Another complaint was that the Tribunal had erred in its approach concerning the second alleged period of undue delay between 22 April 1993 and 14 November 1993, when the Tribunal said:
"If this period had been the only period complained of, the Tribunal would have been reluctant to find on the evidence, undue delay. However it is not the only period, for there is a period complained of before this and two periods subsequent. We have already concluded that the complaint is made out in relation to the first period and as will appear shortly, we also agree that the complaint has been made out in all subsequent periods. What all this amounts to is, that this file from an early stage, 26 June 1992 was subject to undue delay except for an occasional spurt of activity, but those spurts were not sufficient or lasting to avoid an adverse conclusion against the practitioner."
It was contended for the appellant that by saying that if that had been the only period complained of, "it would have been reluctant to find on the evidence undue delay", it appeared that the Tribunal had engaged in what amounted to the application of similar fact evidence.
Even if it is conceded that that was a wrong way to approach the matter, the other delays were sufficient to sustain the charge. There were adequate reasons given by the Tribunal for its findings in respect of the other periods where it was alleged that there had not been sufficient attention to the matter by the appellant.

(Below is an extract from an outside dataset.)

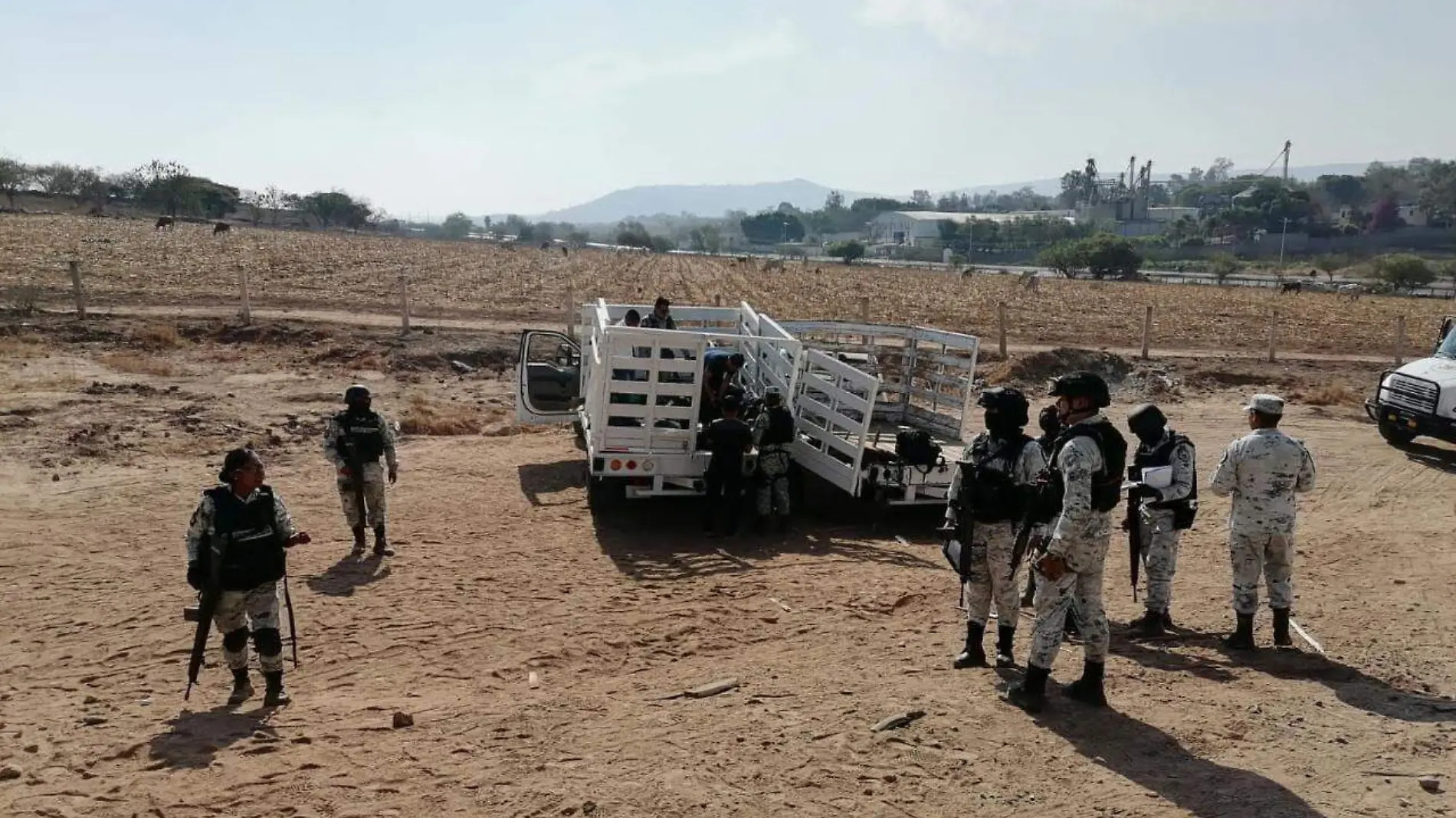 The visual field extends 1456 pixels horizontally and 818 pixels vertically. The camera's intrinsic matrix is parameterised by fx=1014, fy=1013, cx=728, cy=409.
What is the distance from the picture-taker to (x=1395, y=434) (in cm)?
1401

It was further asserted that the Tribunal did not reach a finding as to what step or steps the practitioner had unduly delayed in taking. The answer to that is that the Tribunal found that the practitioner had taken no action for long periods of time when he should have been either working in the client's interests or making it clear to the client that he was no longer acting in the matter. The appellant did neither of those things.
The contention of the appellant that because he had advised the client in lengthy interviews on 12 February 1993 and 15 November 1993 and later in writing on 5 May 1994, he therefore could not be found guilty of delay, does not answer the contentions that there had been lengthy periods when he had not done sufficient in the client's interests. The same can be said concerning the telephone conversations in May 1992 and July 1992 when certain advice was given to the client.
There are numerous detailed particulars of the grounds of appeal, some of which have not been dealt with above. However, none of them invalidate the finding of the Tribunal that for long periods of time the appellant had not taken the steps which were required of a legal practitioner and that the appellant was therefore guilty of undue delay.
Concerning ground 11 of the grounds of appeal which contends that the appellant had not been guilty of delay in returning the client's file to him because this had been caused by a delay in the practice which was not directly attributable to the appellant, the answer to that is that it was the appellant's duty to see that the file was returned to the client within a reasonable time. The Tribunal's finding in that regard was that there had been no excuse for the delay. That means no "sufficient" excuse. On the evidence that finding is correct.
In our view the grounds of appeal have not been established and the appeal should be dismissed.
It is not therefore necessary to deal with the notice of contention filed on behalf of the respondent which details further matters which the appellant allegedly should have attended to.